SOUND VELOCITIES OF Fe3S UP TO 85 GPa AT ROOM TEMPERATURE USING INELASTIC X-RAY SCATTERING

The structure and seismic properties of the Earth’s inner core have not been understood well. The observation of V_P through the inner core implied that the inner core is anisotropic (e.g., Creager, 1992) and layered (e.g., Ishii and Dziewonski, 2003). Although the origins of these anisotropy and layered structure are poorly understood, it has been considered that the anisotropy is caused by the preferred orientation of the crystals in the inner core. The observation of V_S in the inner core raised an issue because the observed shear wave velocities were unexpectedly low (Cao et al., 2005). Due to lack of the knowledge about elastic properties of the core materials, it is difficult to interpret the observed seismic wave velocities.

There have been a lot of works about the density of Fe and Fe alloys with light elements. However, there have been only a limited number of works for V_P of Fe and Fe alloys with light elements, especially Fe alloys with sulfur. Recently, French group has reported sound velocities of Fe and Fe with light elements based on an inelastic X-ray scattering (IXS) (e.g., Fiquet et al., 2004). In the Fe-S system, V_P of FeS, the end member of the Fe-FeS system, and FeS₂, more sulfur-rich compound, have been studied but these compounds are not appropriate for the inner core materials because Fe-S system has a lot of intermediates such as Fe₃S₂, Fe₂S, Fe₃S under high pressures (Fei et al., 1997; 2000). In addition, under the core conditions, only Fe₃S coexists with ε-Fe as a subsolidus phase (Kamada et al., 2010). Therefore, it is essential to study the V_P of Fe₃S to understand seismic and chemical properties of the Earth’s core.

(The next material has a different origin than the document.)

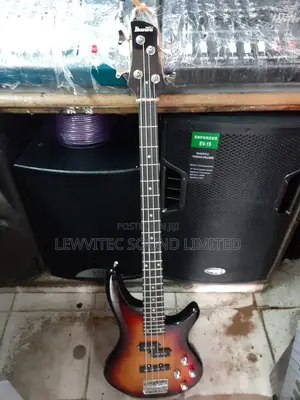 Ibanez Bass Guitar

In this study, Fe₃S was synthesized from a mixture of powdered Fe and FeS using a muti anvil apparatus. A symmetric diamond anvil cell was used to generate high pressures. IXS experiments were performed at the BL35XU of SPring-8, Japan (Baron et al., 2000; 2001). The present results follow the Birch’s law. The slope of the law of Fe₃S (1.1) is smaller than that of FeS₂ (3.0) reported by Fiquet et al. (2004) and that of of FeS (1.7) reported by Vočadlo (2007) and Badro et al. (2007). The slopes of Birch’s law for iron sulfides are decreasing with increasing a mean atomic mass of an iron sulfide. This suggests that sulfur might make the slope of Birch’s law steeper with increasing the amount of sulfur.